## Activity
Repeat exactly the lines running from the first line of the data to the line containing "LANIAKEA 50PCS Stainless", both ends included, and nothing else; drop the pictures.

Short web captions:

-*-

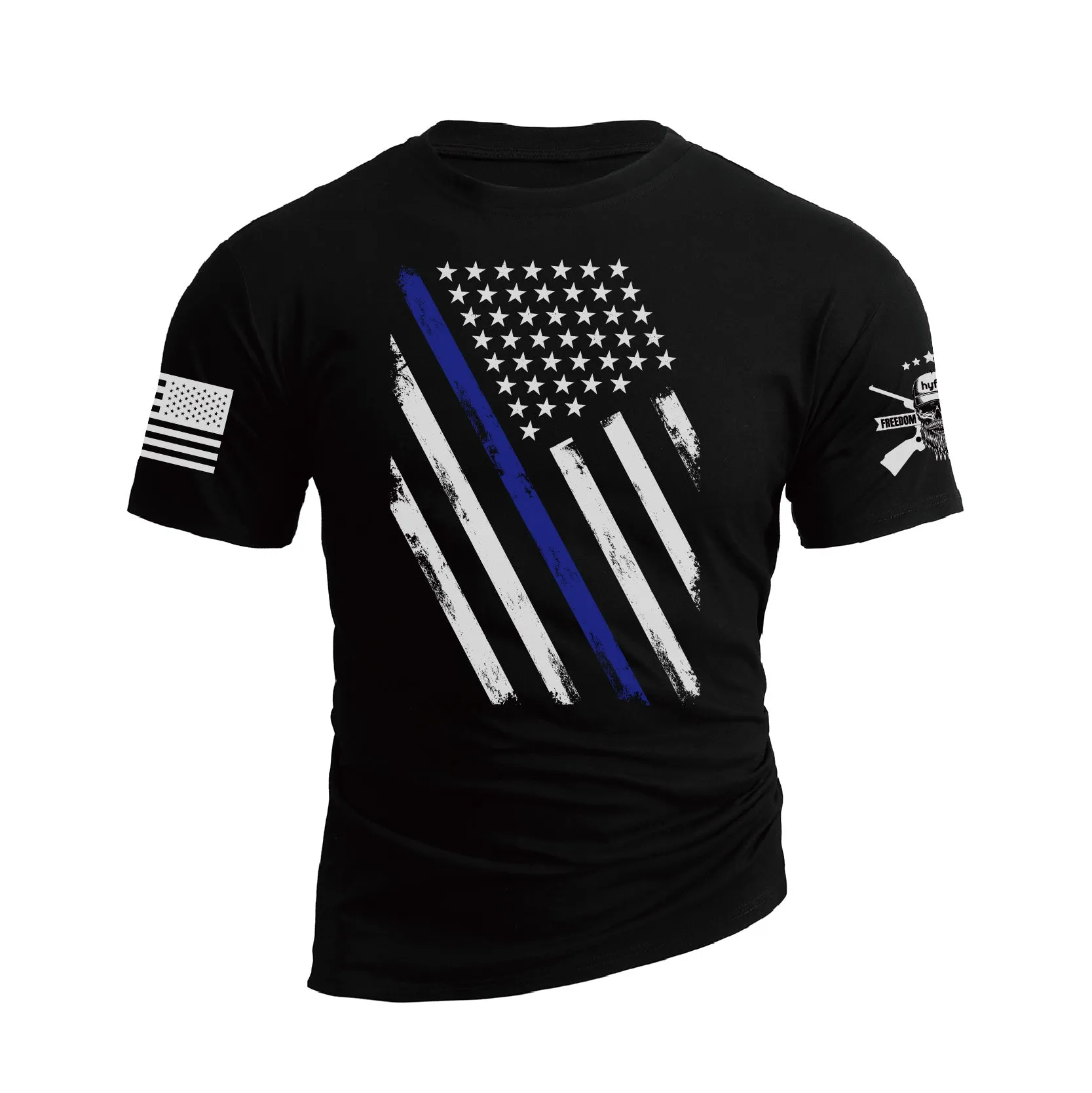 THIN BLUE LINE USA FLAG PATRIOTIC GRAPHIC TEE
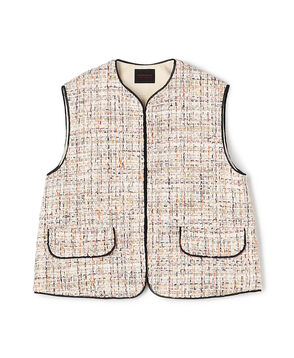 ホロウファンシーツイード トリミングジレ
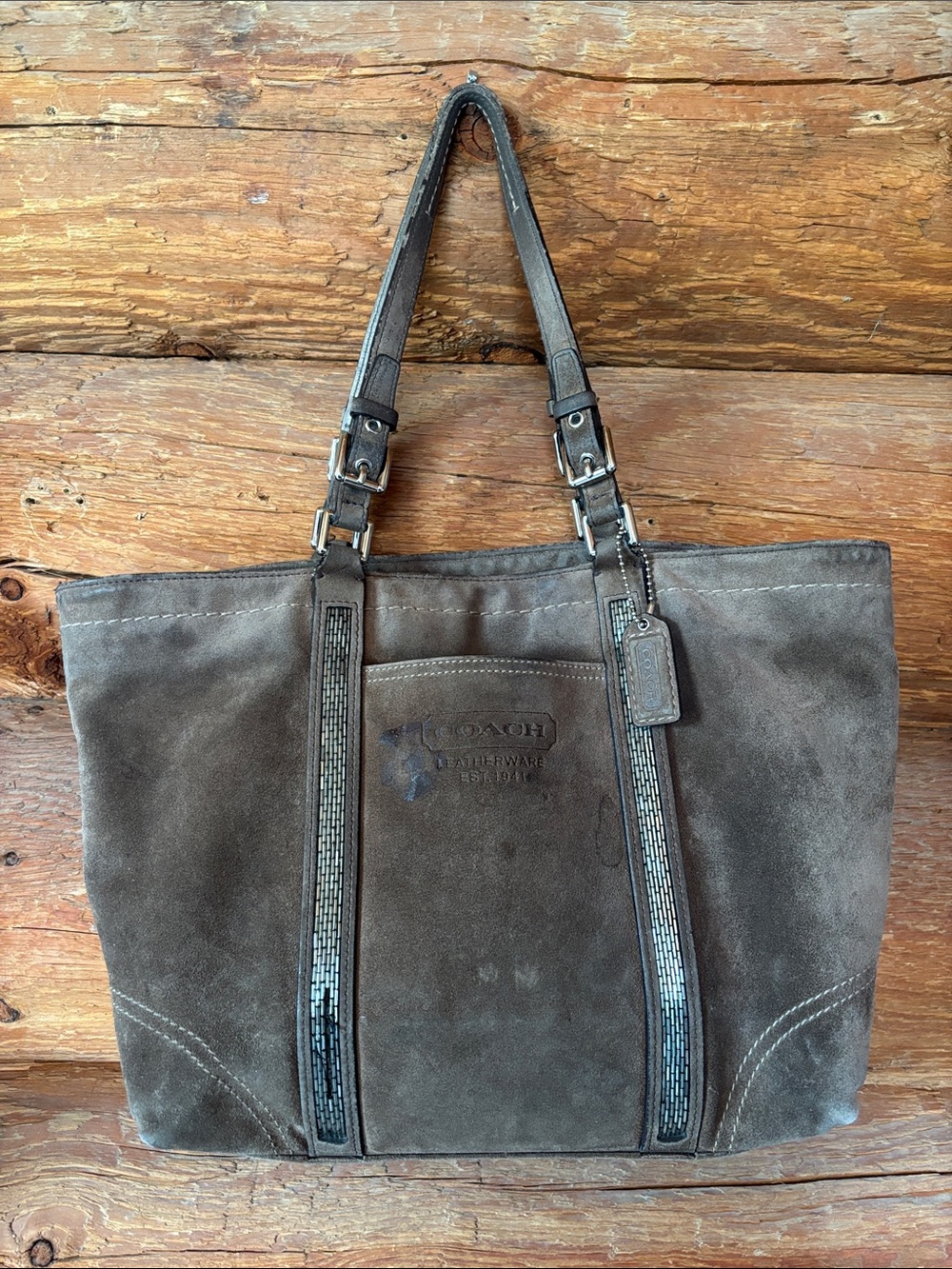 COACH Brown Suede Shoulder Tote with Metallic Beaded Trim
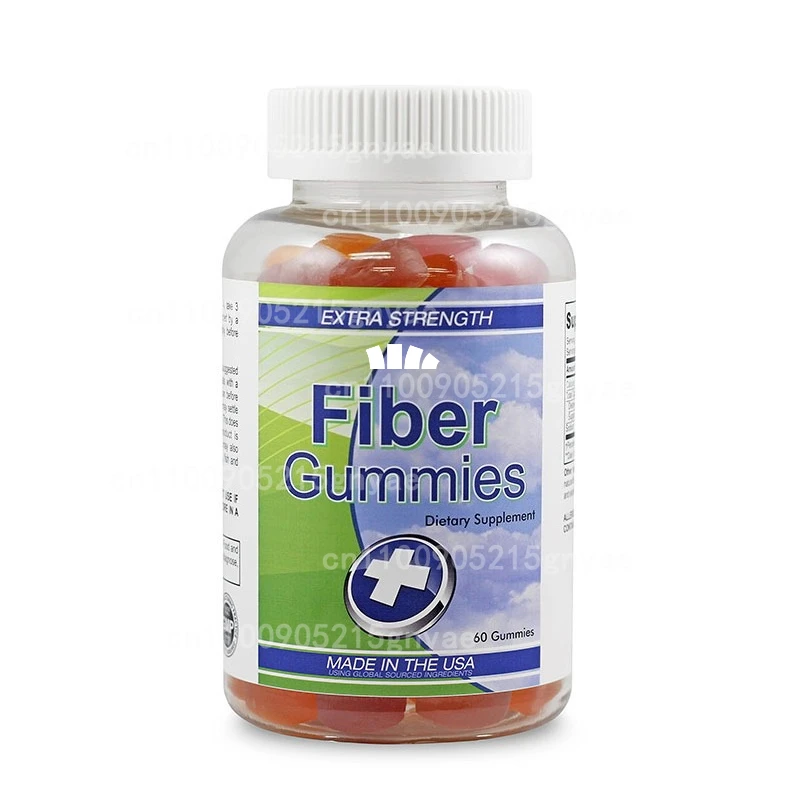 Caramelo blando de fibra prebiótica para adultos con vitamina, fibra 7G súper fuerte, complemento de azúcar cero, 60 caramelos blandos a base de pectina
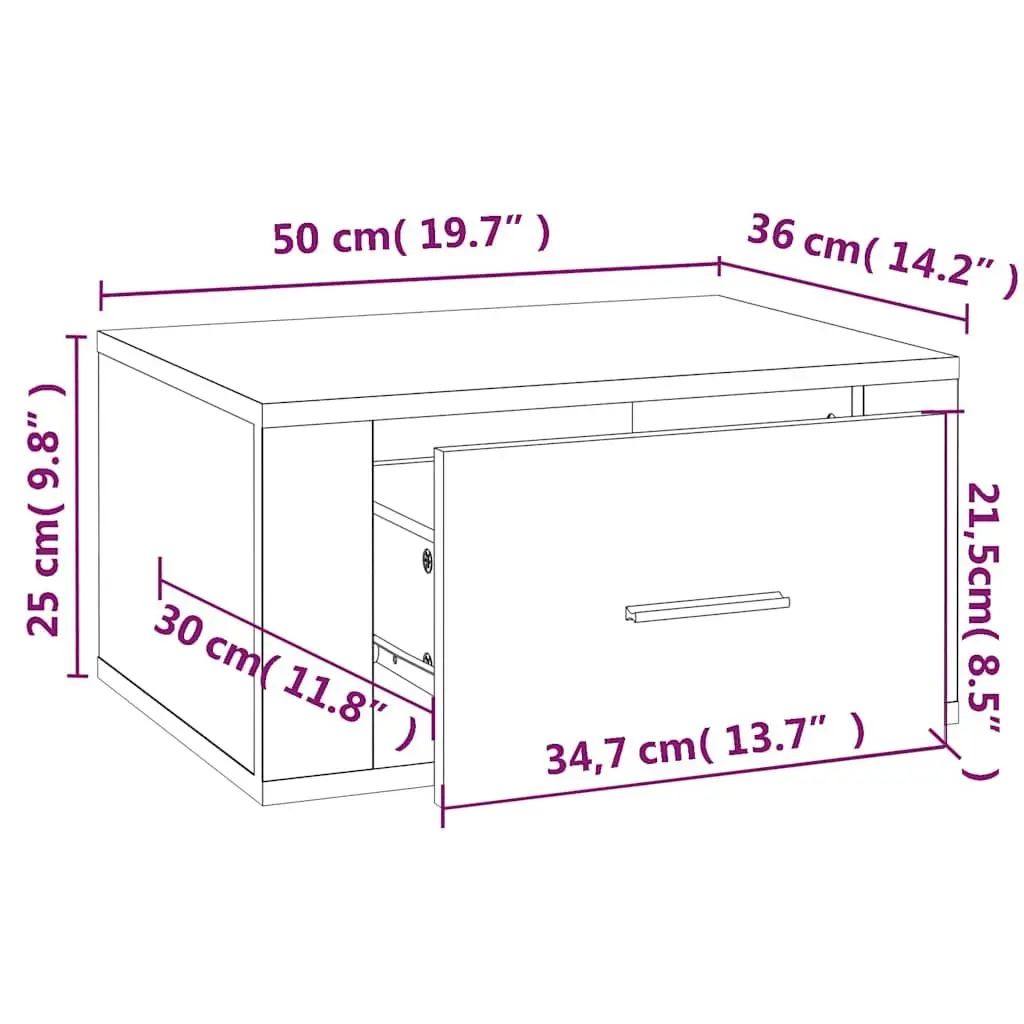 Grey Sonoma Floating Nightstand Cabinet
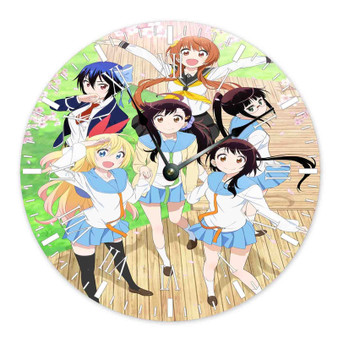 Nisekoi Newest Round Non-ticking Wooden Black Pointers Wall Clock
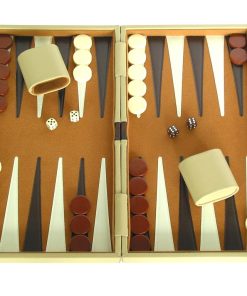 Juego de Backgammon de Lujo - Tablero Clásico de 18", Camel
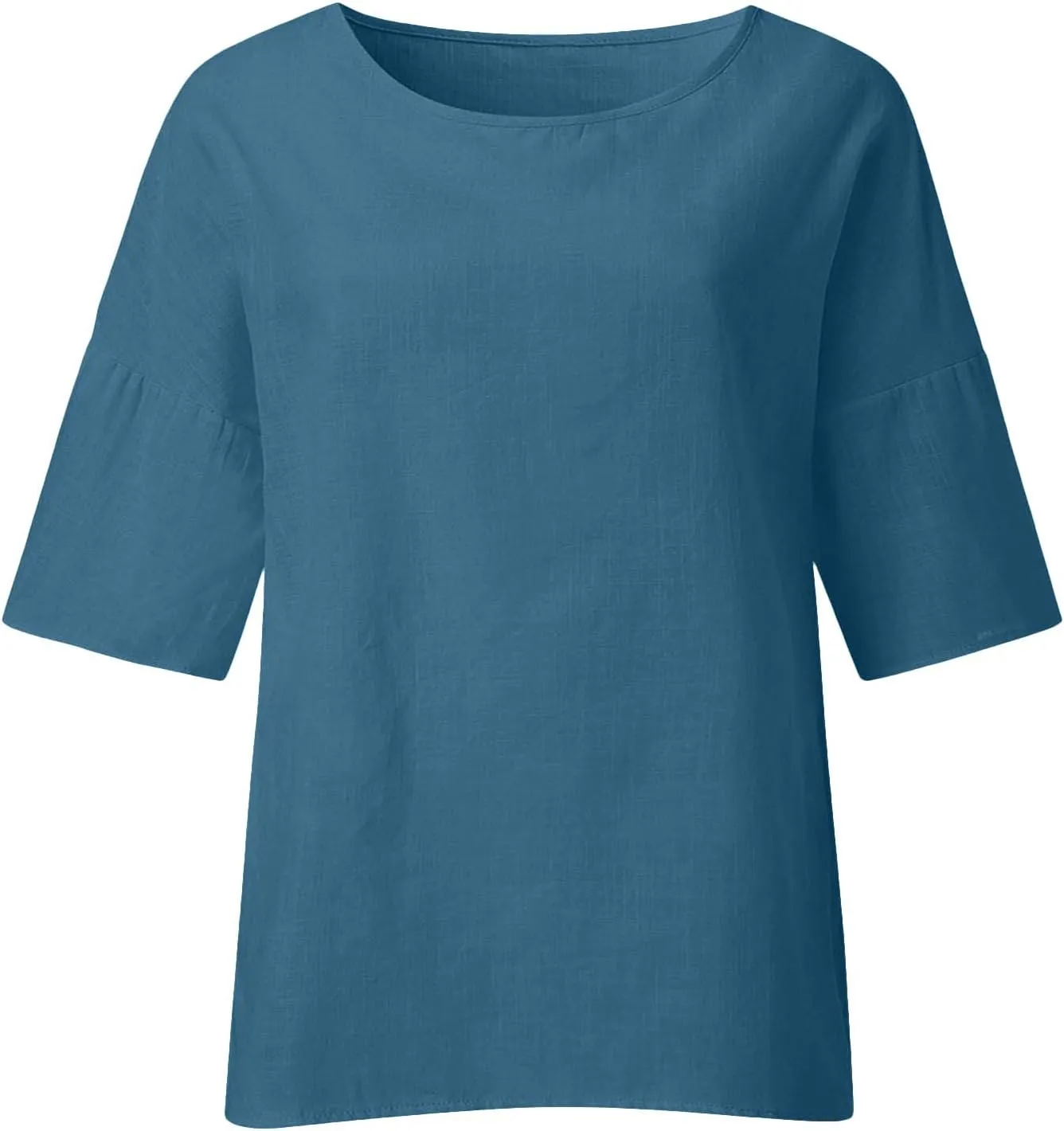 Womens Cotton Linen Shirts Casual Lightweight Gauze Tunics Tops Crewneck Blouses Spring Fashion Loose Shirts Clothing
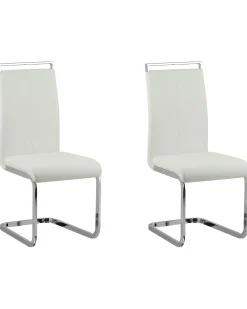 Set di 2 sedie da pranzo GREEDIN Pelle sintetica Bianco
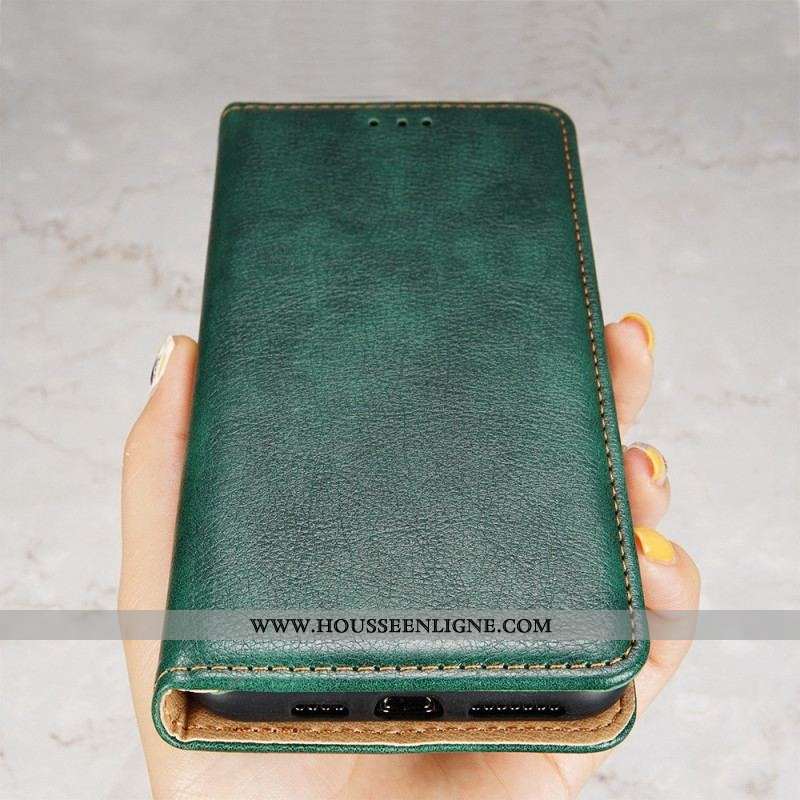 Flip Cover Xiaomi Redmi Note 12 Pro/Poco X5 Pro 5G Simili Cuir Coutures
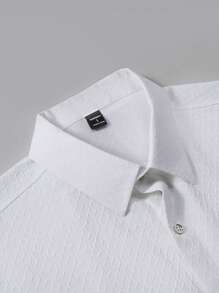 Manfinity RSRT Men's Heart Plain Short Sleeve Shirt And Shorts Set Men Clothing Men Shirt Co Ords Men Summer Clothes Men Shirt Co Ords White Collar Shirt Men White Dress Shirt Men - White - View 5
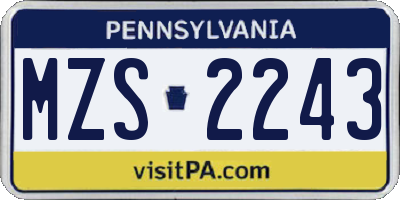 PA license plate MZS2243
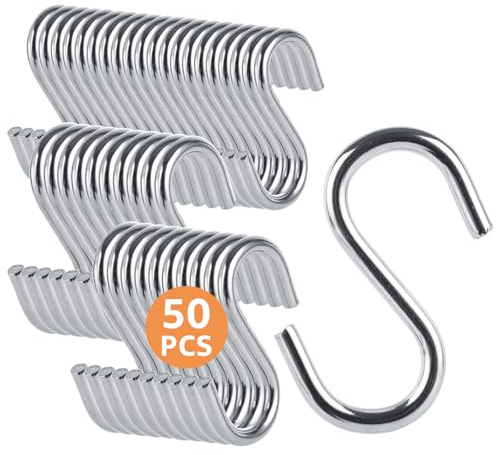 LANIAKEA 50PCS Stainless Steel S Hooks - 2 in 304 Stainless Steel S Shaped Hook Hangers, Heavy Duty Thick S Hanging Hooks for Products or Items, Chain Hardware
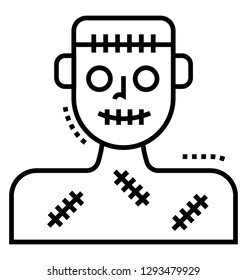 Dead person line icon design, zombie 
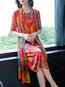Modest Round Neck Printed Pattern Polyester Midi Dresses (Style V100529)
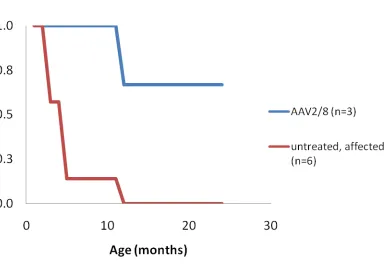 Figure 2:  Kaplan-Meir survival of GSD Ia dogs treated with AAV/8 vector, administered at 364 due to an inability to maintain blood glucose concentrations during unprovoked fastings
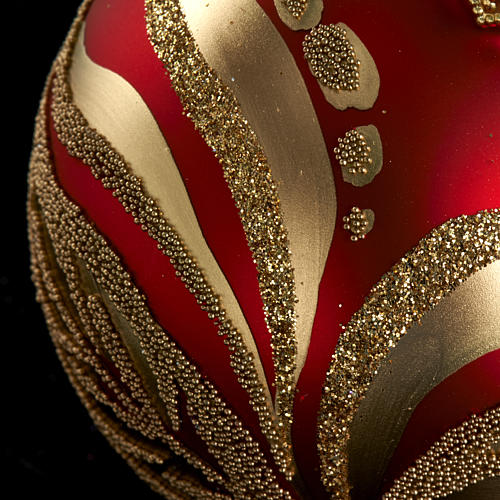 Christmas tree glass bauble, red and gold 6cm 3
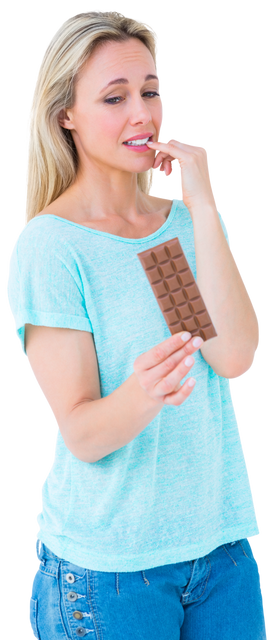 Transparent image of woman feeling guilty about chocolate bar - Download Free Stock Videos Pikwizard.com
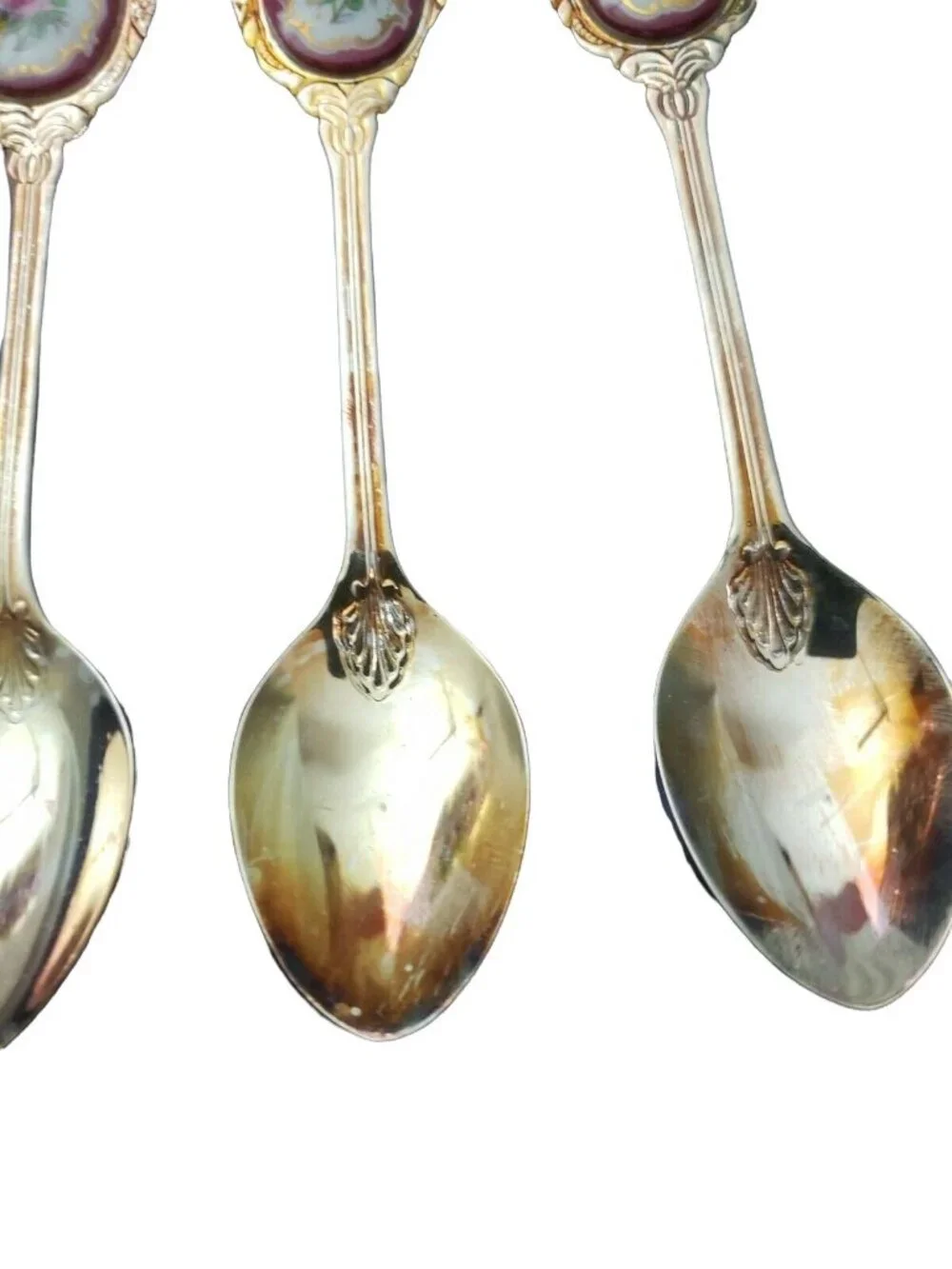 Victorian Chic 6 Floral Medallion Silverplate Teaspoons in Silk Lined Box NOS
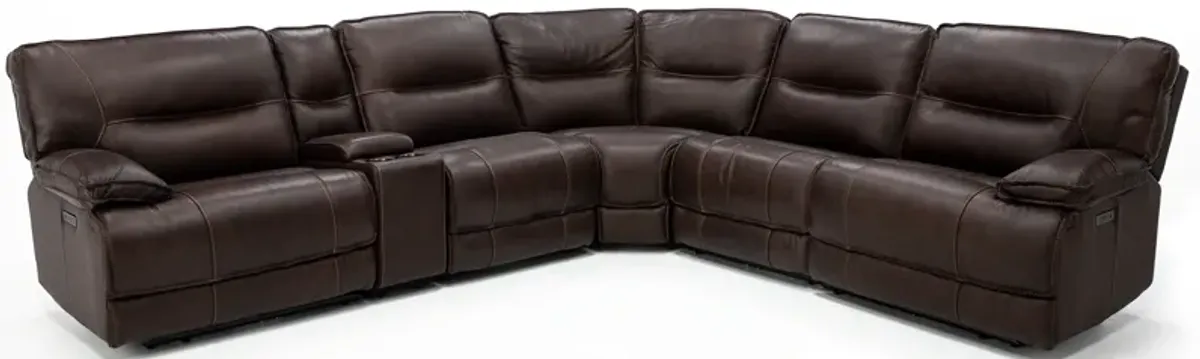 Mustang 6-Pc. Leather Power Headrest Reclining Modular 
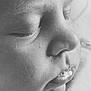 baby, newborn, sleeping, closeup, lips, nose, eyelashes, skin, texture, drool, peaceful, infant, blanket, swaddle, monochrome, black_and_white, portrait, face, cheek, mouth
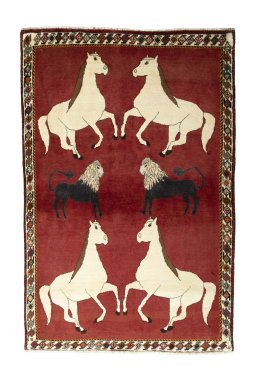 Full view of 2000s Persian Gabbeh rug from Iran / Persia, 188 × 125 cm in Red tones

-*-

## Task solution
 THIN BLUE LINE USA FLAG PATRIOTIC GRAPHIC TEE
 ホロウファンシーツイード トリミングジレ
 COACH Brown Suede Shoulder Tote with Metallic Beaded Trim
 Caramelo blando de fibra prebiótica para adultos con vitamina, fibra 7G súper fuerte, complemento de azúcar cero, 60 caramelos blandos a base de pectina
 Grey Sonoma Floating Nightstand Cabinet
 Nisekoi Newest Round Non-ticking Wooden Black Pointers Wall Clock
 Juego de Backgammon de Lujo - Tablero Clásico de 18", Camel
 Womens Cotton Linen Shirts Casual Lightweight Gauze Tunics Tops Crewneck Blouses Spring Fashion Loose Shirts Clothing
 Set di 2 sedie da pranzo GREEDIN Pelle sintetica Bianco
 Flip Cover Xiaomi Redmi Note 12 Pro/Poco X5 Pro 5G Simili Cuir Coutures
 Manfinity RSRT Men's Heart Plain Short Sleeve Shirt And Shorts Set Men Clothing Men Shirt Co Ords Men Summer Clothes Men Shirt Co Ords White Collar Shirt Men White Dress Shirt Men - White - View 5
 PA license plate MZS2243
 LANIAKEA 50PCS Stainless Steel S Hooks - 2 in 304 Stainless Steel S Shaped Hook Hangers, Heavy Duty Thick S Hanging Hooks for Products or Items, Chain Hardware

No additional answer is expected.